Hello @trider7140 I am Scott and I lost my wife of 41 years after a 14+ year war with brain cancer. I still grieve her loss and I, too, have strange dreams about her, which often have no bearing on my real feelings for her and/or anything that actually happened in life. I have been told the same by our adult children from time to time as well.

That said, I experience the same type of thing with dreams about almost anything I dream about I actually cannot think of a dream I had that mimicked some portion of my actual life. They always have some proportion of jumble in them!

When we are grieving and our brains are trying to make sense of our different reality it works overtime, even when we are sleeping.

Our subconscious works in mysterious ways, which I believe our conscious selves cannot always comprehend.

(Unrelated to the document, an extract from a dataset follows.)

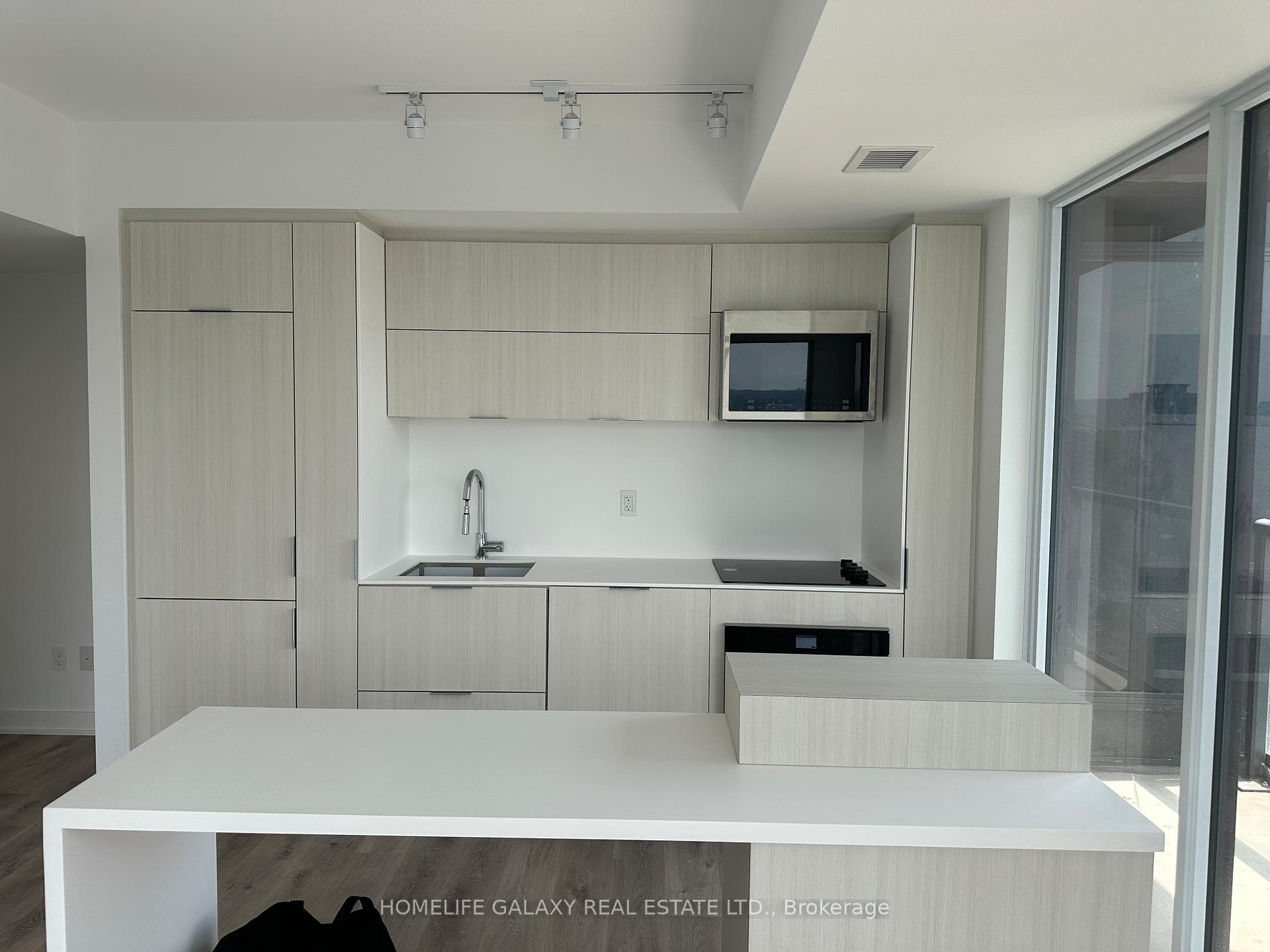 370 Martha Street Unit 1510 photo 3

Just my thoughts on this complex topic.

@trider7140 I am so sorry you are going through this, it sounds very strange. I have some very odd dreams also, but none that would be as upsetting as that. I hope your therapist or grief group can help you with what may be causing them.

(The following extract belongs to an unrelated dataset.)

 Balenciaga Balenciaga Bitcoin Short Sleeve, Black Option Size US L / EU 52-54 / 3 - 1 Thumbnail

Despite having an unusual relationship with your mother, you are very lucky to have had her for so many years. She must have been such a good person to have fostered so many children. My own mother passed away when I was 27, my father when I was a teen, so I miss that I never had a real adult relationship with them.
JK

@trider7140 Hi I'm Linda, lioness My Dad died when I was 6 my Mom lived till 90 died from Alzheimer's But I was angry at my Dad for leaving me what helped was going out to the cemetery and just tell him all your feelings it helped maybe do that going to your Mom,s would act as a release from some feelings you had from growing up so quickly might help

@trider7140 I have just made my way back to your original post. I wonder if you had a chance to say goodbye to your mother or if it was too quick and she was gone before you got to her. If so, it may be that you are angry that you were robbed of that last healing conversation. Anger can be suffocating, which is a close association to your dream in my opinion. She actually may also be angry that she was unable to have that last "blessing" goodbye discussion. If you and she ever talked about her death and after death wishes, remembering that conversation might help you now. I know it helped me when my father died and will also help when mother passes. The time was right for him and is right for mother whenever it happens. They lived hard, difficult lives providing and caring for many people in many ways. They had nothing to regret, even though they did regret any time anything happened that they wished they could have changed. In my chain of thinking they "earned" their death. They were faithful and true and I will always remember them that way. It is not easy, but it is "right" that they should go before me and not have to live through my death.
I have been angry at someone's death when teenagers I mentored lost their lives driving recklessly after drinking and driving carelessly. That was tougher for me but I was able to get past it my remembering that they took the risks knowing the possibility of the consequences they received. It would have been worse for me if they had taken those risks without knowing that there was another way, because that would have meant that they really had no one in their lives to teach or show them better choices.
I do believe that if you can find a way to focus more on the good memories with your mother it will help you heal, but these coming months will be tough. Thankfully you have resources on board to help you make it through. And, we are all here for you. Blessings.